CSX building turns 50

The day after Independence Day in 1960, the mass move of 960 new residents began to arrive in Jacksonville from Wilmington, N.C. They were executives and employees from the Atlantic Coast Line Railroad and they were coming to work in the company’s new headquarters building Downtown on the Northbank of the St. Johns River.

While the technology behind running the railroad has changed over the years, the building itself retains most of the design it had the day it opened half a century ago.

Originally, the building was home to ACL and several other tenants who leased space including the structure’s architects, Kemp, Bunch and Jackson (now KBJ).

The first floor was devoted at that time to retail that was open to the public, including a barber shop, women’s hair salon and a jewelry store. On the second floor was the Signal Terrace Cafe, also open to the public.

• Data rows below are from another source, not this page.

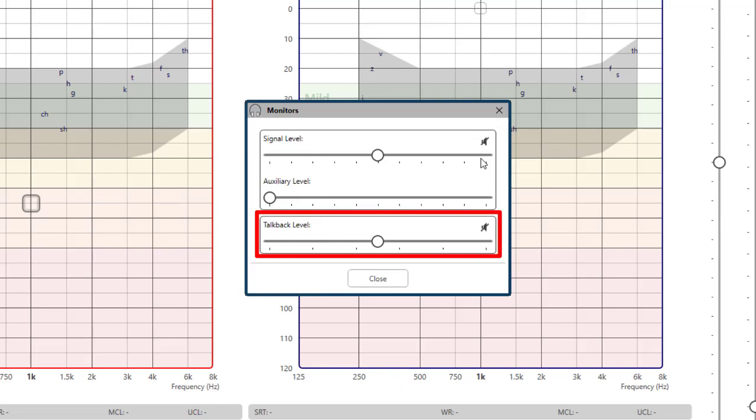The talk back level controls the volume in your headset when listening to the patient. Again, this can be enabled or disabled.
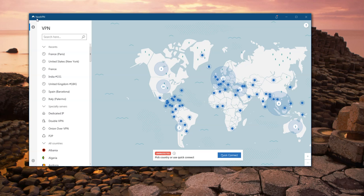Obfuscated servers actually hide this behavior. They change the footprint so it's not obvious for anybody to detect that you're using a VPN. One of the most useful situations is when your ISP blocks VPN. ISPs are famous for blocking VPN services.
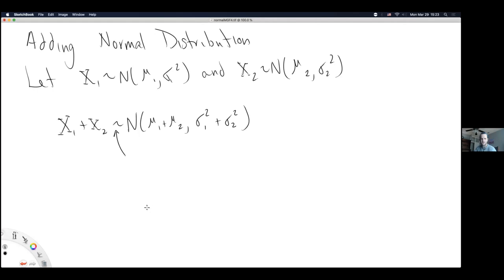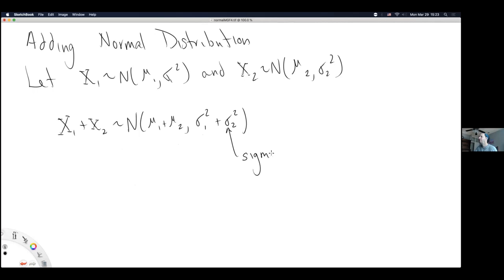It's not super obvious when you look at this why this makes them super applied, but we're just developing some facts so that we can use them next week to justify why the normal distribution is the most common distribution used in applied statistics. For now, we can build off intuition from the last discussion — you can take a normal distribution and shift it and scale it. It turns out if you take two normal distributions centered at wherever, you can just add them together and they shift and scale appropriately.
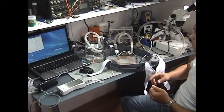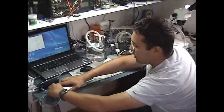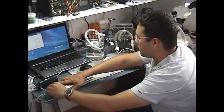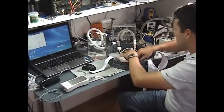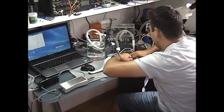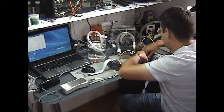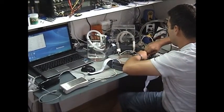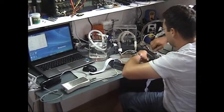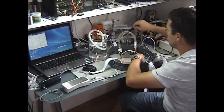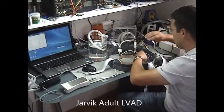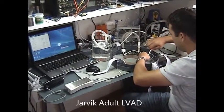I will change the pad. For that I will disconnect the external battery and the internal battery. We will connect another VAD. This is Jarvik Adult VAD.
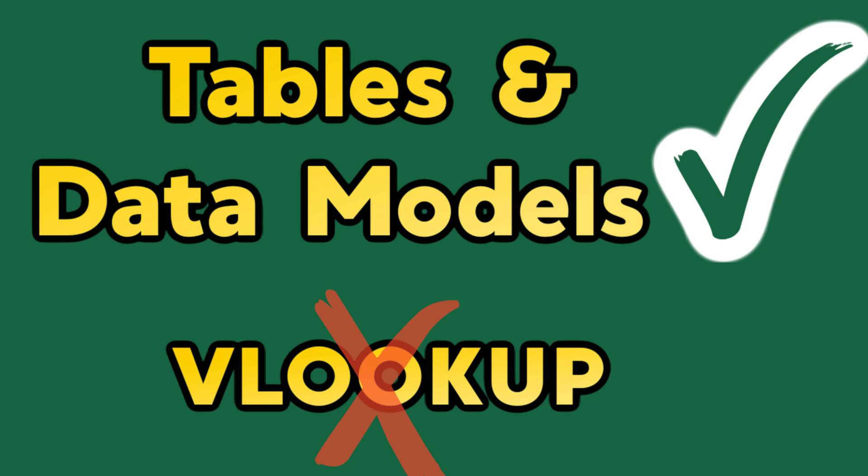In our continuing series, we're looking at examples of VLOOKUP alternatives. Today, we're going to challenge ourselves by using tables, data models, and Power Pivot in Excel. Everyone, welcome to Excel Level Up, where our goal is to advance your Excel knowledge by improving your efficiency and hopefully progressing your career.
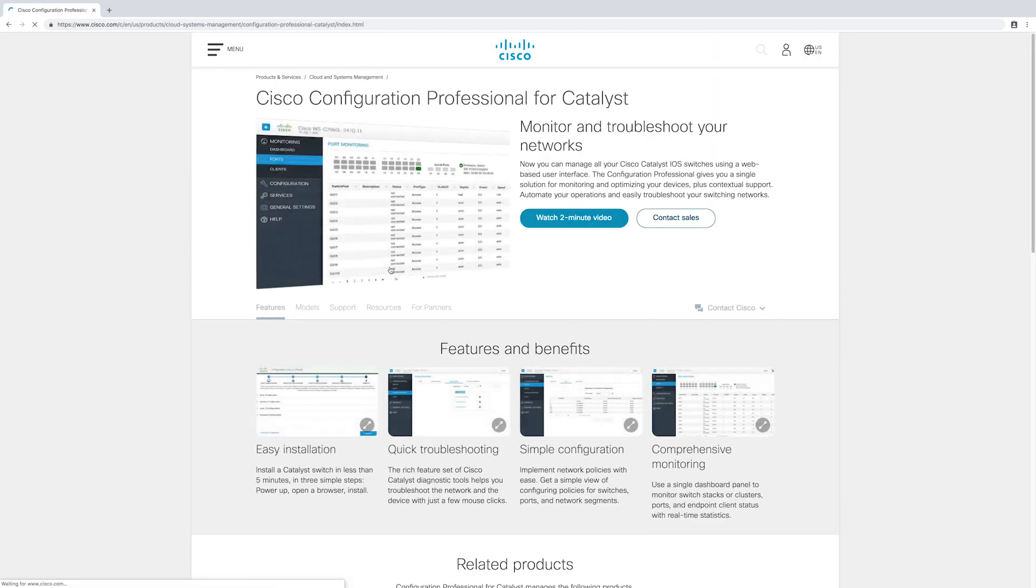Catalyst is a way to monitor and troubleshoot your catalyst iOS switches using a web-based user interface.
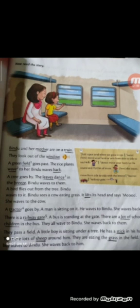They look out of the window. Underline window — W-I-N-D-O-W. Window means khidki. Green field goes past. Underline field — F-I-E-L-D. Field means open land.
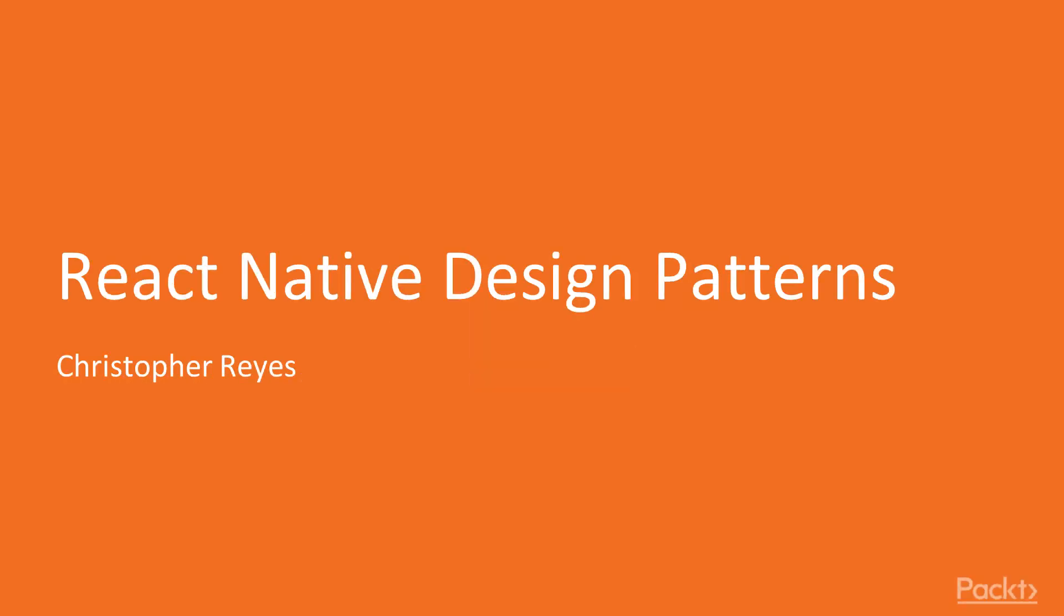Hello. Welcome to React Native Design Patterns. My name is Chris Reyes and I will guide you through this course.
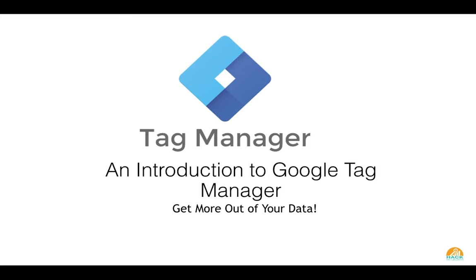Hey, what's up everybody? Welcome to Hack My Growth. In this episode, we're going to be looking at Google Tag Manager and how we can use it to get more out of our data.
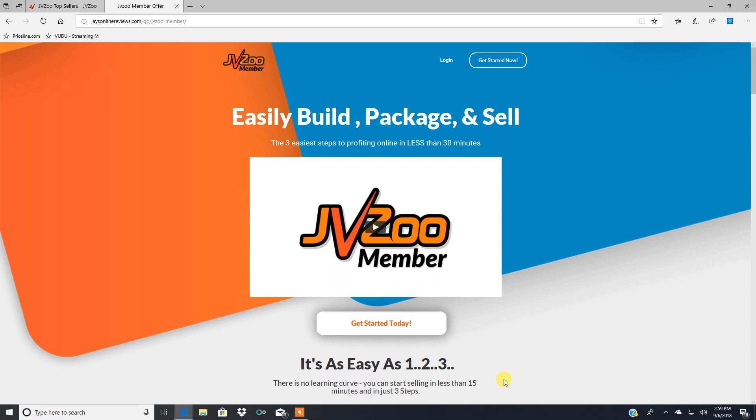I'm going to be doing a basic review and rundown of a JVZoo membership management software where you can literally start your first membership site in minutes.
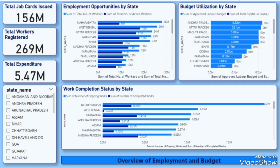This dashboard shows the employment and budget matrices like total job cards issued, workers registered and expenditures. Charts display employment opportunity, budget utilization and work completion by states.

Seven years later, the Atlantic Coast Line and Seaboard Air Line railroads merged to form Seaboard Coast Line, which merged with the Chessie System to become CSX Corp. in 1980. CSX Corp. headquarters were established in Richmond, Va., a neutral site for Chessie, based in Cleveland, and Seaboard, based in Jacksonville.

Seaboard System Railroad became CSX Transportation in 1986. The CSX Corp. corporate headquarters moved to Jacksonville in 2003.

“The building hasn’t changed much,” said Peter Trolle, CSX director of corporate services. He said today the entire building is occupied by CSX executives and employees. The company also has the same number of employees, about 900.

So how did the company have space to rent in its headquarters building 50 years ago?

“Back then there were open floors and seas of desks. Vice presidents sat in the corners,” explained Trolle.

The biggest change in the building was a refurbishment of the exterior in 2005. Trolle said the original blue and green tiles began falling off the sides, probably due to years of thermal stress in the hot Jacksonville sun. One option was to paint the tiles, but that would have cost about $1 million and wouldn’t have been a permanent solution, so a plan was devised to “re-skin” the building at a cost of about $6 million.

Another change was when the locomotive that was on display in front of the building when it opened was relocated to the new convention center when it opened and was named after Prime F. Osborn III, the general counsel for Atlantic Coast Line and the first chairman of CSX Corp. Tracks were laid down Bay Street between the two buildings for the move.

Ray Bullard, now retired, was the assistant director of public relations and advertising when the company moved to Jacksonville. He said the city didn’t just roll out the welcome mat, it sent the welcome wagon to Wilmington.

“The Cohen Brothers and Furchgott’s department stores sent people to Wilmington to sign our employees up for credit cards and the banks sent people to help our employees open accounts,” he recalled. “Realtors went up there to show properties. ACL had overnight service from Wilmington to Jacksonville, so people could leave Friday and spend the weekend looking at houses.”

Bullard said one of his fondest memories is the time a delegation of Russian transportation officials toured the building in the early 1960s at the height of the Cold War.

“They all had cameras, but we wouldn’t let them take any pictures of our operations,” he said. “They were fascinated by the step stools in the law library, the kind with the casters on springs that made the wheels retract when you step on it. I guess they didn’t have anything like that in Russia.”

As the tour was leaving, the official who was the equivalent of the U.S. Secretary of Transportation asked about the floor and pillars in the lobby, Bullard said.

“Are they made of plastic?” he asked through his interpreter. No, he was told, they are made of Italian marble.

“When we take over the United States, I want this to be my headquarters,” declared the visiting official.